Assigned task.
Every line below that includes "Synthetic" counts toward the total. Report that total alone.
++++ Materials provided
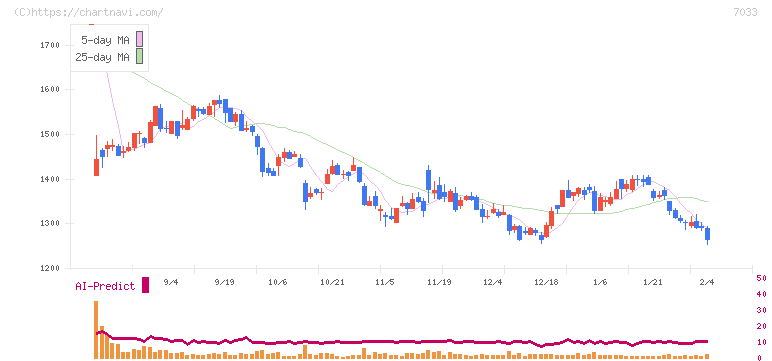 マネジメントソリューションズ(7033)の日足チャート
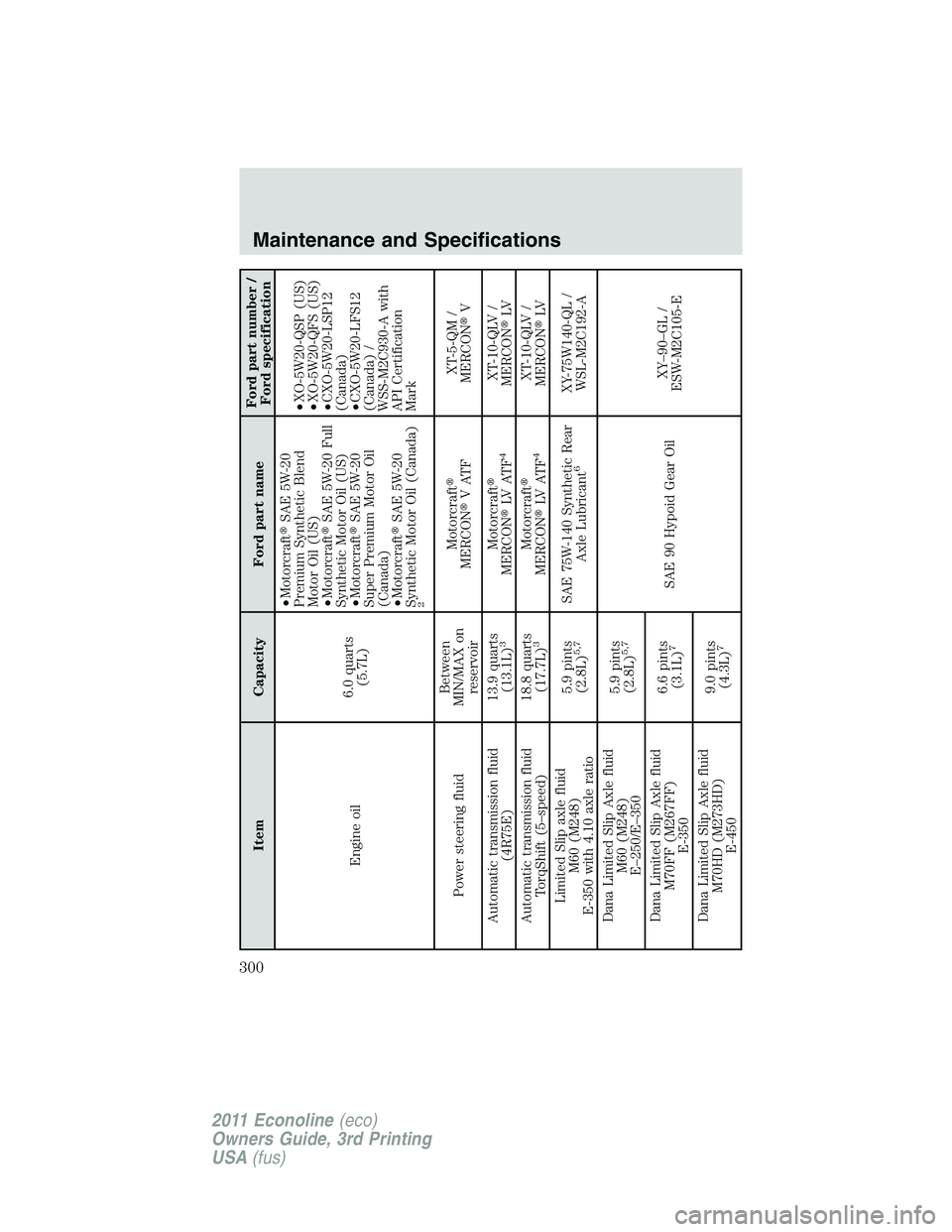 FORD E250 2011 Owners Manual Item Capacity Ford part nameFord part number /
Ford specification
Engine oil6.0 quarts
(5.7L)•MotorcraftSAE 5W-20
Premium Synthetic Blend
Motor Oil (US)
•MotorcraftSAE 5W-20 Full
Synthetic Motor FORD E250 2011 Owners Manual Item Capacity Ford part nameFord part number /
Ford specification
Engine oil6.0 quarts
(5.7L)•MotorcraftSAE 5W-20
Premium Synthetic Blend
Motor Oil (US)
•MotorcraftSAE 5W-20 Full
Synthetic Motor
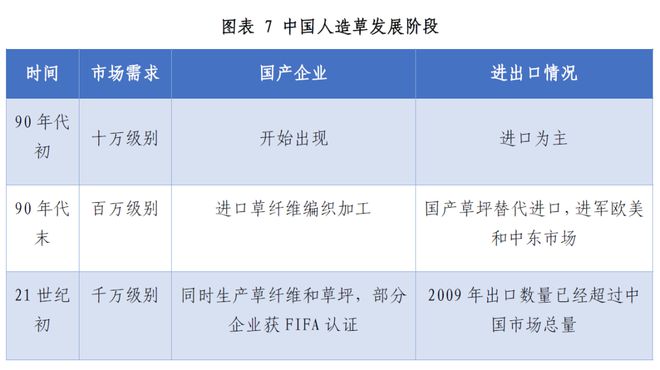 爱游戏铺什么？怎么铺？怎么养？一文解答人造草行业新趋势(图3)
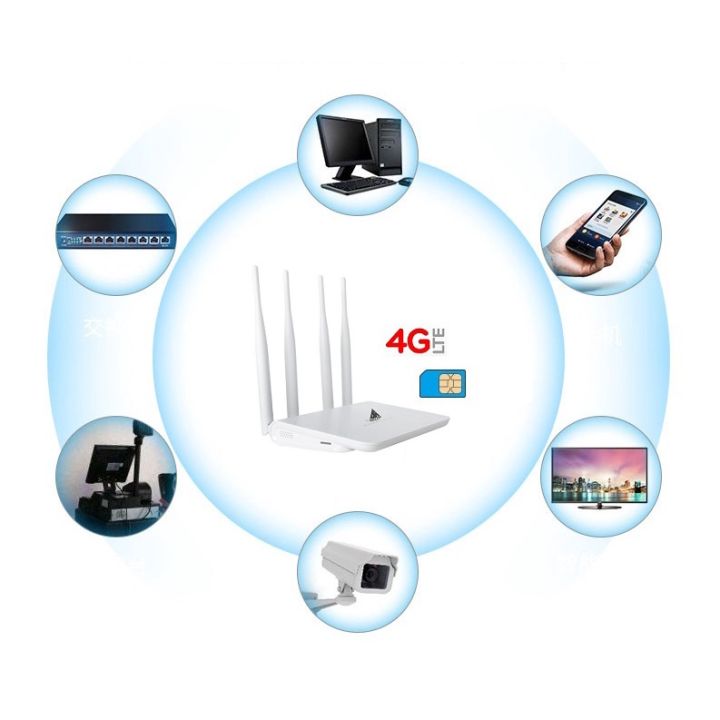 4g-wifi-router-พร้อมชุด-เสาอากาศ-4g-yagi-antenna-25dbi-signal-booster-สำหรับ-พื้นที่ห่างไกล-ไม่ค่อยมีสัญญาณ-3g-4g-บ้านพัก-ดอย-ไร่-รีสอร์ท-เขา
++++++++
Result.
4